Desde el principio de los tiempos y a través
de los siglos, los santos y los justos que han sido monumentos perfectos y
perdurables del poder inmenso y la infinita misericordia de Dios, alaban sin
cesar su bondad. Al dejar sus coronas al pie de su trono, le entregan toda la
gloria de sus triunfos. “Dios corona en sus santos, Sus propios dones.” Se nos
hace un llamado para unirnos a toda la Iglesia militante en esta tierra, a fin
de elevar todos, las plegarias de alabanza a Dios, en agradecimiento por la
gracia y la gloria que otorgó a sus santos. Al mismo tiempo, le imploramos con
toda humildad que ejerza su poder y su misericordia infinitas para sacarnos de
nuestras miserias, de nuestros pecados, para que repare los desórdenes de
nuestras almas y nos conduzca por el camino del arrepentimiento hacia la
comunidad de sus santos, adonde El nos ha llamado.

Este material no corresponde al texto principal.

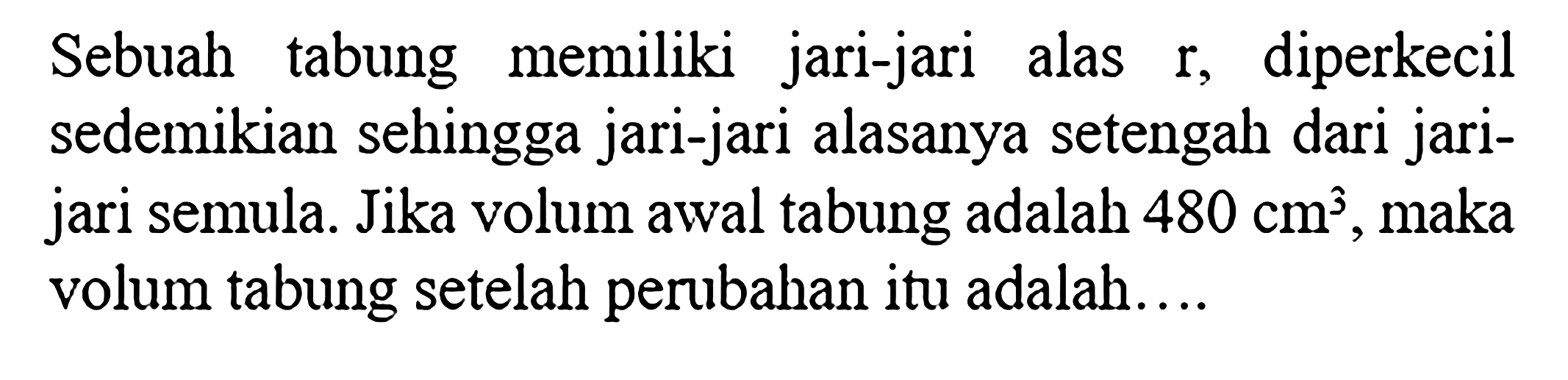 Sebuah tabung memiliki jari-jari alas r, diperkecil sedemikian sehingga jari-jari alasanya setengah dari jari-jari semula. Jika volum awal tabung adalah 480 cm^3, maka volum tabung setelah perubahan itu adalah....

Los santos fueron, otrora,
lo que somos nosotros actualmente: peregrinos en la tierra. Ellos también
tuvieron las mismas debilidades que tenemos nosotros. Nos encontramos con
dificultades y problemas; los santos los tuvieron igualmente, y muchos de ellos
mayores de los que nosotros tratamos de vencer; el obstáculo del poder de los
reyes y aun de naciones enteras, a veces, las rejas de la prisión, los
instrumentos de tortura y las espadas de los perseguidores. Sin embargo, ellos
superaron esas dificultades de las que hicieron medios para sus virtudes y sus
victorias. Por la fuerza que recibieron de arriba y no por su propio poder,
llegaron a triunfar. Pero es necesario tener en cuenta que Cristo derramó su
sangre lo mismo por nosotros que por ellos y que no nos faltan las gracias de
nuestro Redentor. Si fracasamos, a nosotros mismos se debe el fracaso. Los
santos son “como una blanca nube sobre nuestras cabezas” para mostrarnos que la
perfecta vida cristiana no es imposible.